Punto de quiebre
Los resultados de las elecciones celebradas en el Viejo Continente, de las que salieron elegidos quienes actuarán como parlamentarios europeos durante los siguientes cuatro años, han sido la constatación palpable de cómo las crisis pasan factura a la política.
En última instancia, al menos en tres países: Francia, Inglaterra y España, los populismos de diverso signo han sido los virtuales ganadores de unos comicios en los que las cifras de desempleo, el cierre de empresas, el debate sobre las políticas migratorias han marcado la agenda del debate. La insatisfacción con la situación imperante ha permitido avanzar en España al movimiento Podemos, mientras que el partido gobernante ha sufrido un retroceso y la baja votación del PSOE ha puesto sobre la mesa la necesidad de la renovación de su dirigencia. En Francia, la hija del fundador del Frente Nacional, Marine Le Pen, se ha alzado con la victoria y, de su parte, un buen número de británicos ha respaldado al líder del partido UKIP, Nigel Farage, abiertamente contrario a la Unión Europea, un político caracterizado por sus declaraciones realizadas con muy poco tino, pero que impactan en buena parte del electorado. El éxito de quienes han sido críticos con el proceso de integración y las políticas emanadas de Bruselas no son sino el reflejo del malestar de los electores con una institucionalidad que, a su modo de ver, no ha podido encontrar soluciones a los distintos y difíciles problemas a los que se ven enfrentados.
Después de la Segunda Guerra Mundial, Europa se dedicó a la tarea de la reconstrucción. Puso las bases del denominado “estado de bienestar” para enfrentar las amenazas provenientes del entonces Estado soviético. Los europeos, desde esa época hasta el estallido de la última crisis, se acostumbraron a vivir bajo un esquema que consideraban perfecto. Los estados brindaban grandes subsidios principalmente a los productores agrícolas. En algunos países se redujeron las horas de trabajo y se crearon beneficios que no existían en otras partes del orbe. Todo ello hizo que su competitividad se fuera deteriorando.
Lo anterior conllevó a que, desatada la crisis, los Estados debiesen realizar ajustes insospechados, algo impensable en sociedades que se habían acostumbrado a un elevado nivel de vida y que, de la noche a la mañana, se encontraron en una situación para ellos inconcebible.
La desazón brotó, las calles de algunos países de Europa se llenaron de protestas y cayeron algunos gobiernos.
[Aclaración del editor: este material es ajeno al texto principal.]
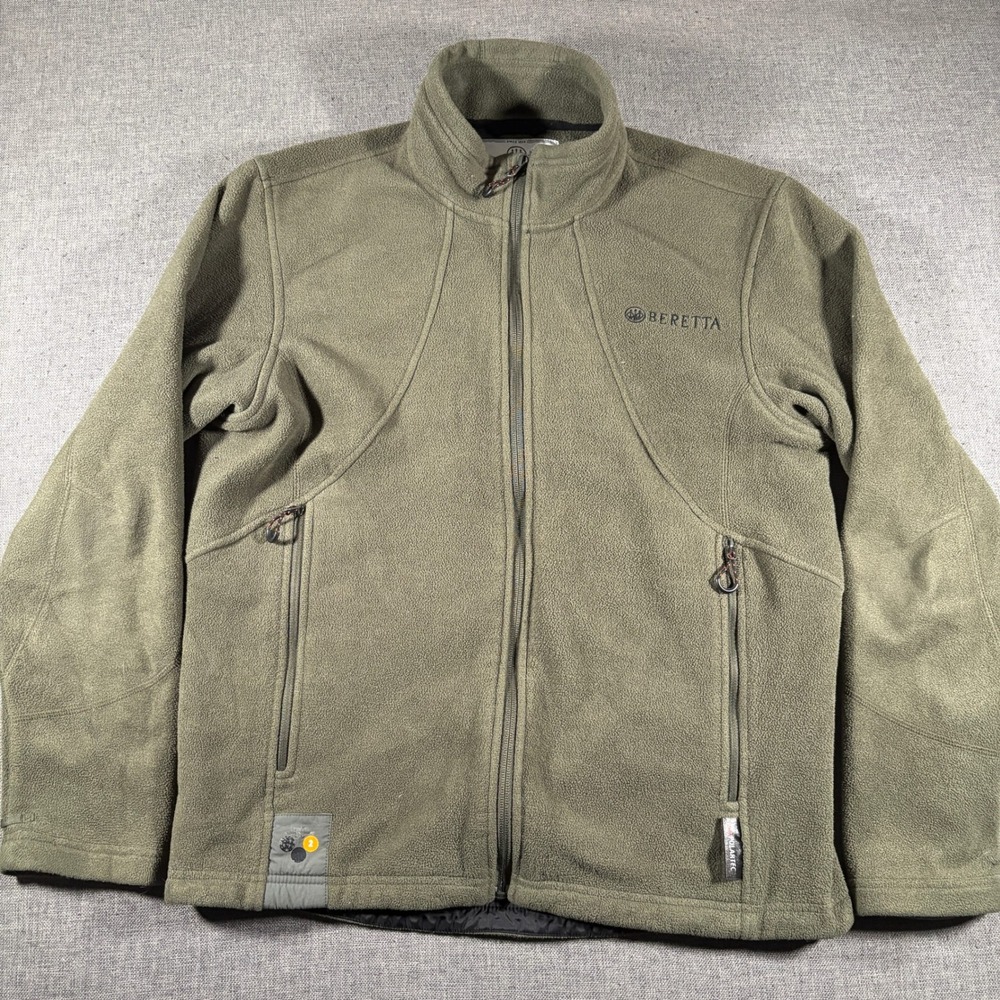 Beretta Fleece Jacket Mens Medium Olive Green Full Zip Mock Neck Tactical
Ahora fue el turno del Parlamento Europeo, institución a la que le ven ligada a las decisiones adoptadas por el Banco Central Europeo.
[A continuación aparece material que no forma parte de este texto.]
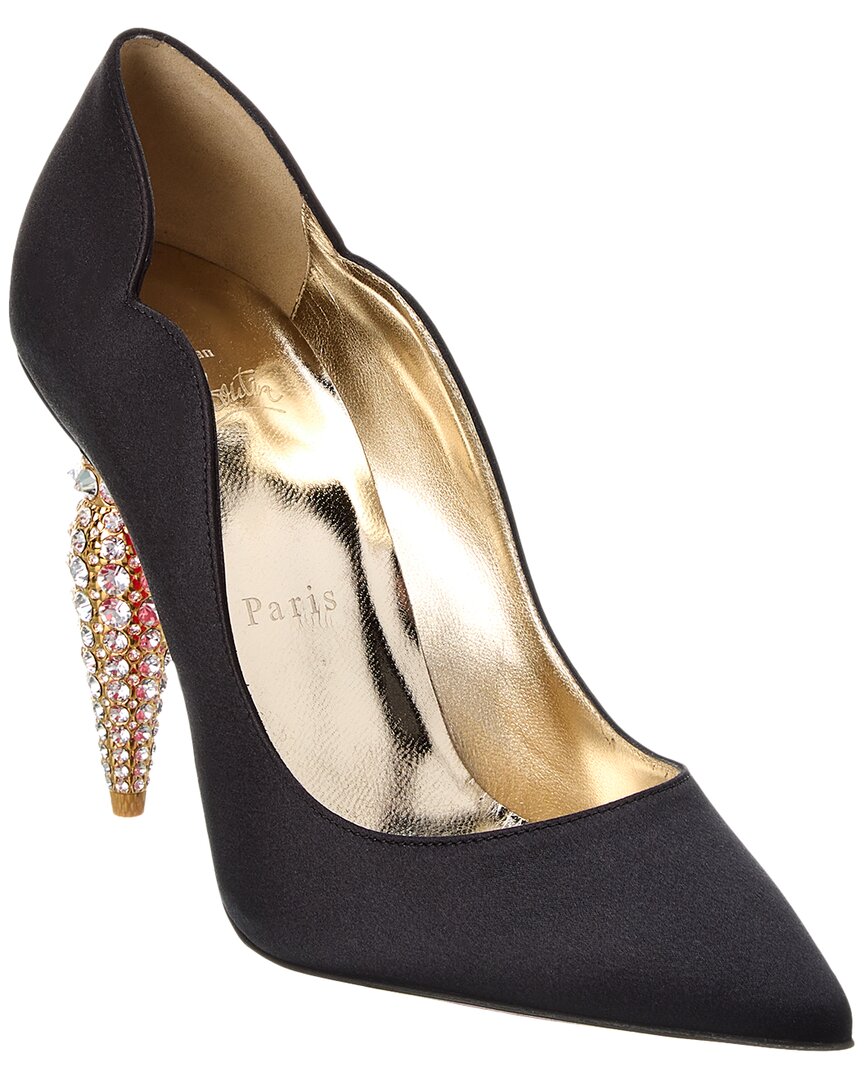 Christian Louboutin Lipstrass 100 Satin Pump In Black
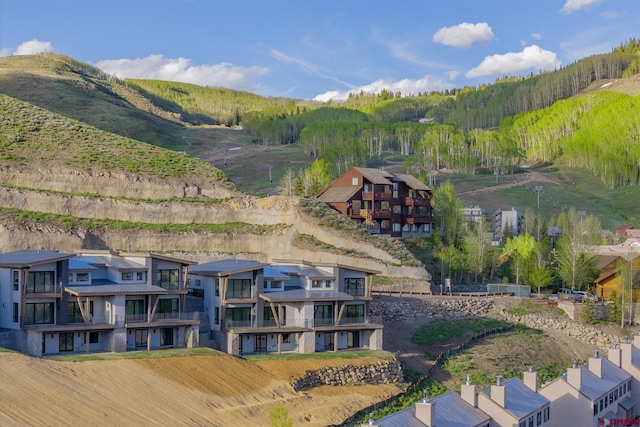 drone / aerial view with a mountain view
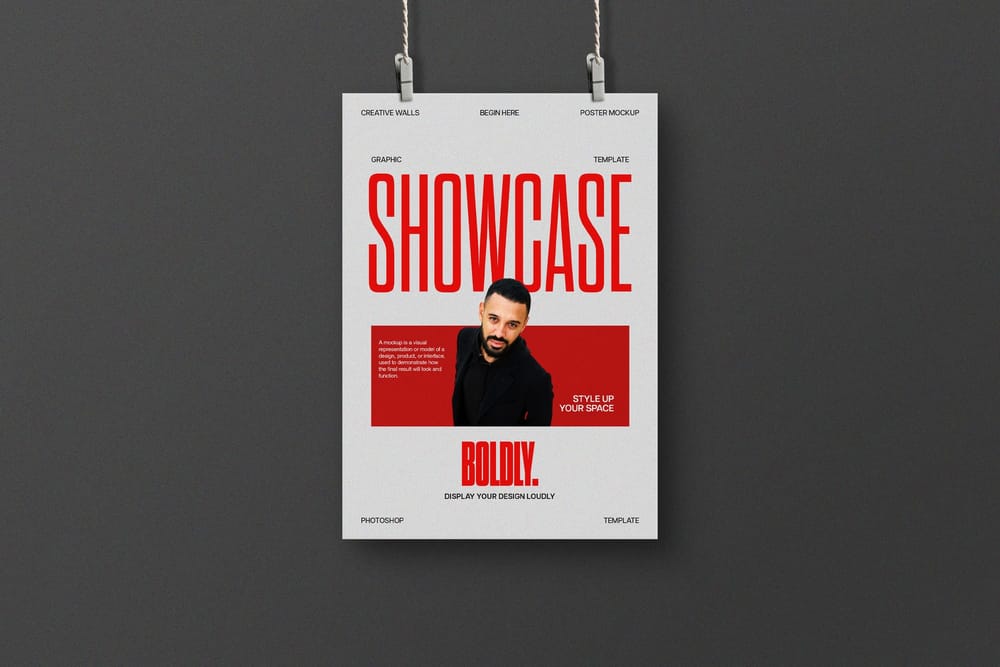 Hanging Spotlight Poster Mockup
Con todo esto, ¿cuál será el futuro de la Unión Europea? ¿Resistirá el embate de sus detractores? Resulta difícil pensar que el fraccionamiento y la atención a sus agendas nacionales sea el camino que resuelva los problemas de los miembros de la Unión. Su dispersión los volverá más frágiles, en un escenario cada vez más dominado por actores globales de envergadura. No parece buena idea actuar al margen del mundo real.